Dataset excerpt Block Start

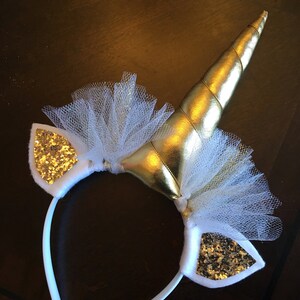 UNICORN HEADBAND party favor dress up headband GOLD headpiece image 1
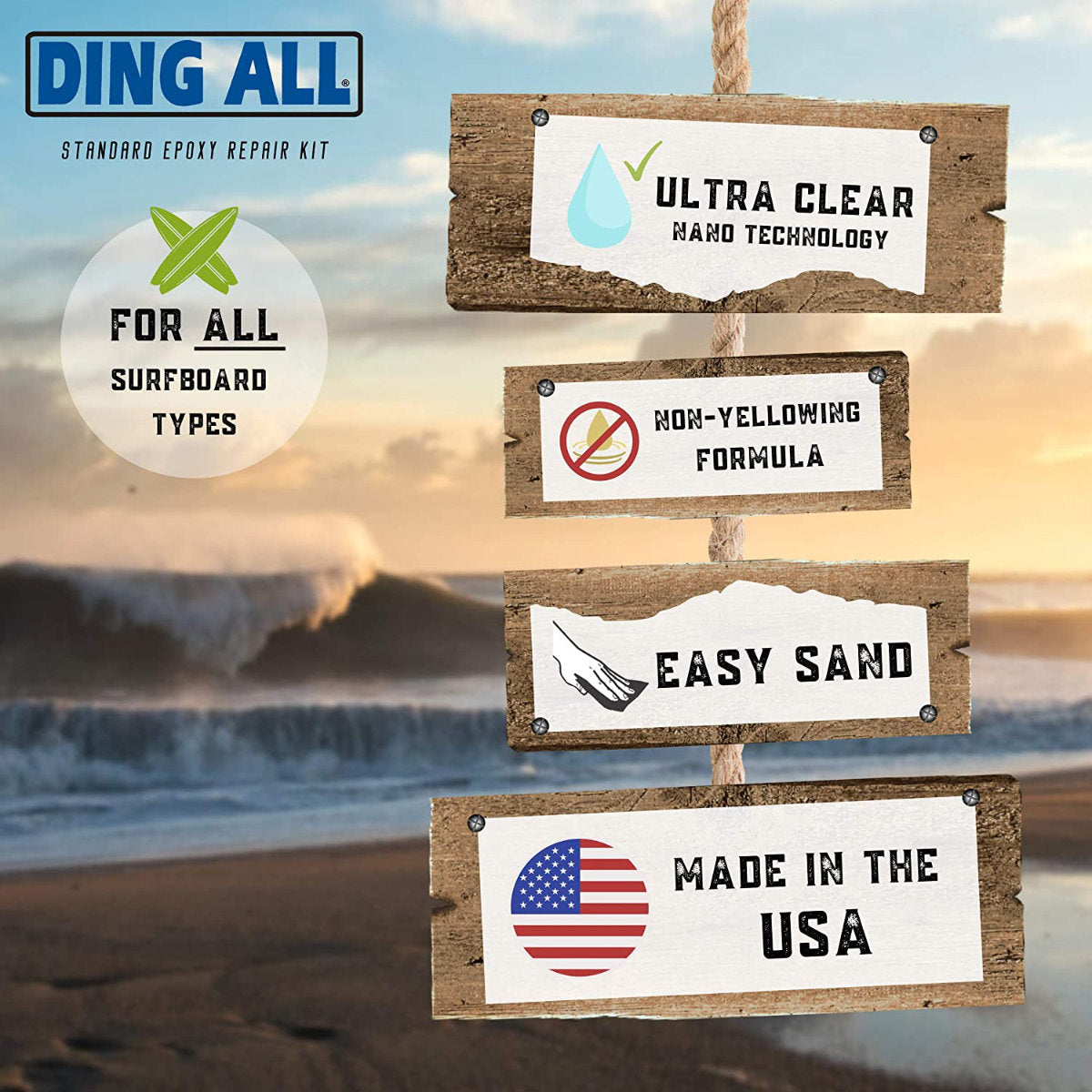 Ding Repair Kit - Epoxy Ding Repair for All Standard Surfboards | Quick & Easy Surfboard Ding Fix for DIY Repairs at Home
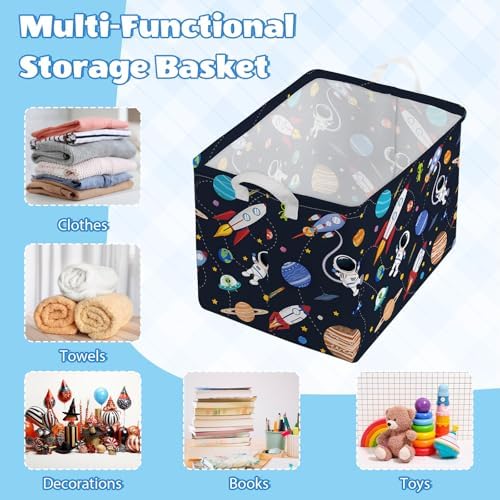 Collapsible Storage Basket Collapsible Fabric Laundry Basket with Handles | Spacious 15.7"×11.8"×11.8" size Folding Design Easy to Store Sturdy Fabric with Reinforced Handle Easy to Clean
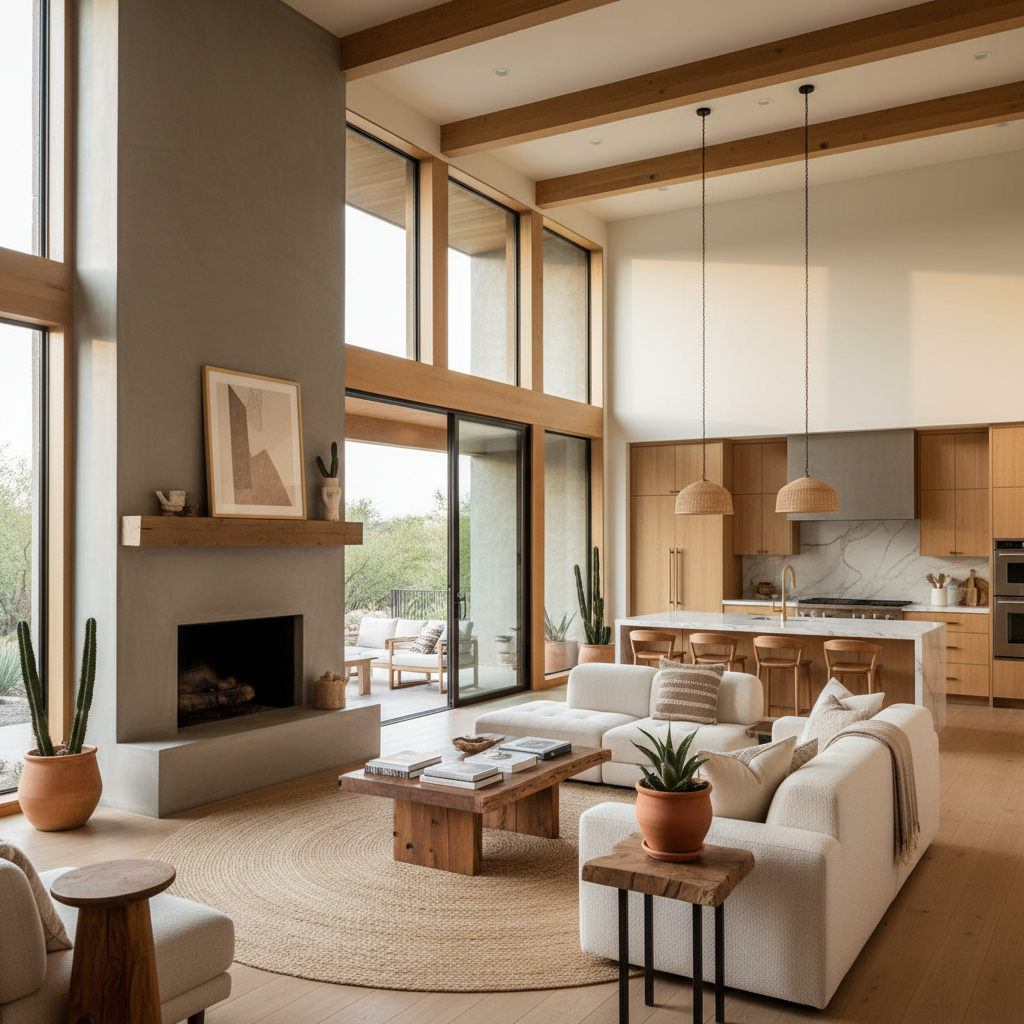 Warm modern home interior in natural light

Dataset excerpt Block End

## Exercise instructions
What is needed is a word-for-word copy of the data above, free of any images.

## Your response
 UNICORN HEADBAND party favor dress up headband GOLD headpiece image 1
 Ding Repair Kit - Epoxy Ding Repair for All Standard Surfboards | Quick & Easy Surfboard Ding Fix for DIY Repairs at Home
 Collapsible Storage Basket Collapsible Fabric Laundry Basket with Handles | Spacious 15.7"×11.8"×11.8" size Folding Design Easy to Store Sturdy Fabric with Reinforced Handle Easy to Clean
 Warm modern home interior in natural light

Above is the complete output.